Elodie* n’avait jamais eu de soucis avec son directeur. Jusqu’au mois d’avril dernier. Cette mère célibataire de 59 ans, qui travaille depuis 35 ans dans un grand groupe français, a refusé de signer son compte rendu d’entretien d’évaluation annuel qu’elle estimait être à charge. Son supérieur hiérarchique est alors devenu furieux. « Il ne m’a pas touché, mais il m’a fait très peur. Il y avait de la haine dans son regard. Je m’attendais même à ce qu’il me malmène », confie-t-elle au téléphone. Sous le choc, elle en a parlé à un médecin qui l’a arrêté une semaine.

Depuis son retour au travail, elle évite soigneusement de le croiser dans les couloirs de l’entreprise, lui qui ne s’est jamais excusé pour son attitude déplacée, pour ses menaces. « Il n’aurait pas réagi comme ça avec un homme, ça s’est certain », assure-t-elle. Pourtant, elle a préféré ne pas en parler à la direction des ressources humaines ou aux représentants syndicaux, de peur que la situation ne se retourne contre elle. Elodie sait que la direction va tout va faire pour la pousser à partir le plus rapidement possible à la retraite. Lui, se doute-t-elle, ne sera jamais puni.
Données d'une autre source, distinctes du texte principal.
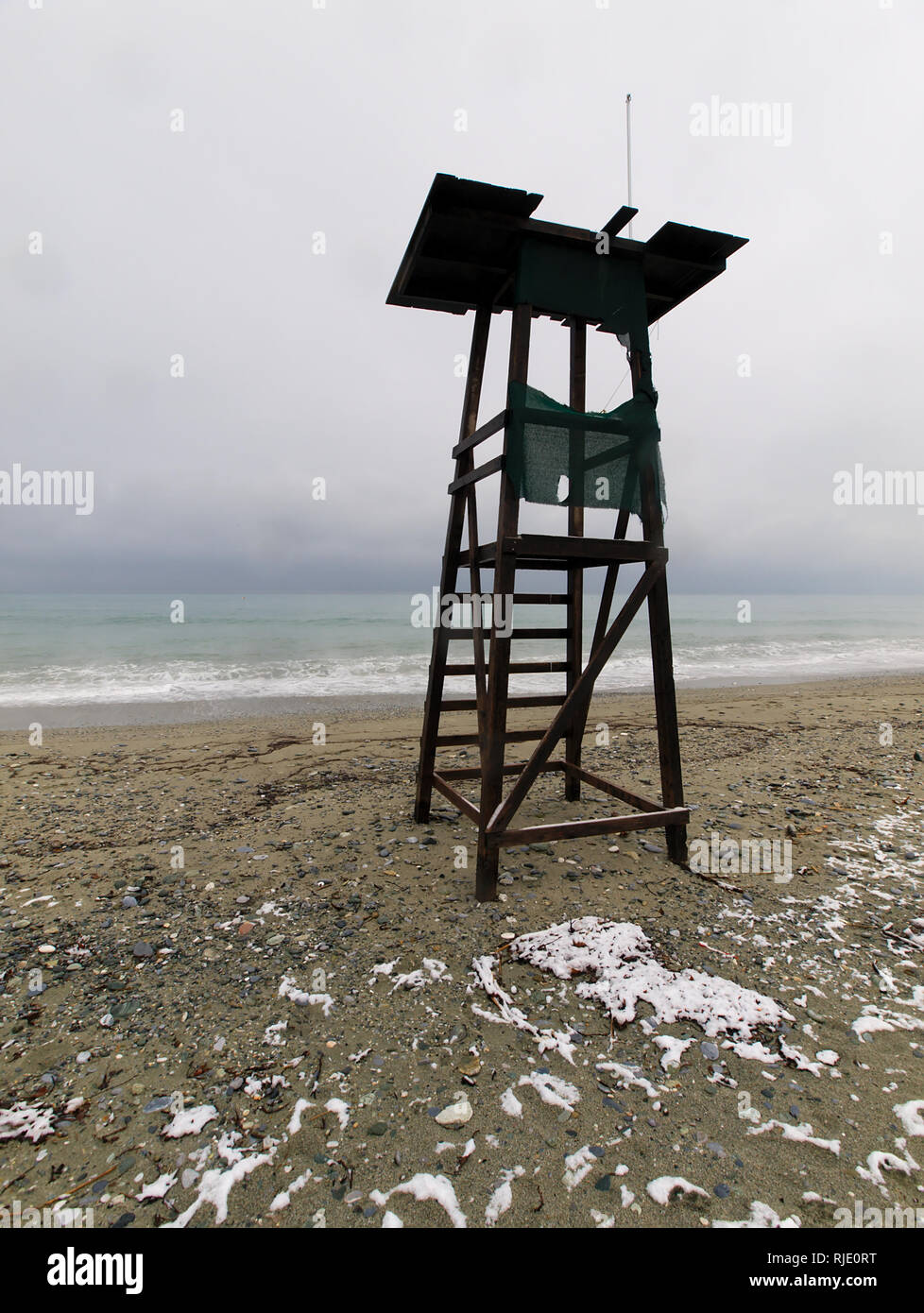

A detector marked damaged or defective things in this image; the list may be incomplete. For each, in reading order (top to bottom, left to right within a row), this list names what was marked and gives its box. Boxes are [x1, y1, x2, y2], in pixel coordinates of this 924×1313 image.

green torn fabric [504, 378, 663, 514]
« Des tensions liées à la jalousie »

Des milliers d’autres femmes ont vécu la même situation. Selon une étude de l’ONDRP (Observatoire national de la délinquance et des réponses pénales), le nombre de femmes victimes de violences physiques sur leur lieu de travail a pratiquement doublé entre 2010 et 2016, passant de 25.000 à 48.000. Quant à celles qui ont fait l’objet de menaces, leur nombre a augmenté de 42,5 % sur la même période, passant de 167.000 à 238.000. Mais comment expliquer cette importante augmentation ?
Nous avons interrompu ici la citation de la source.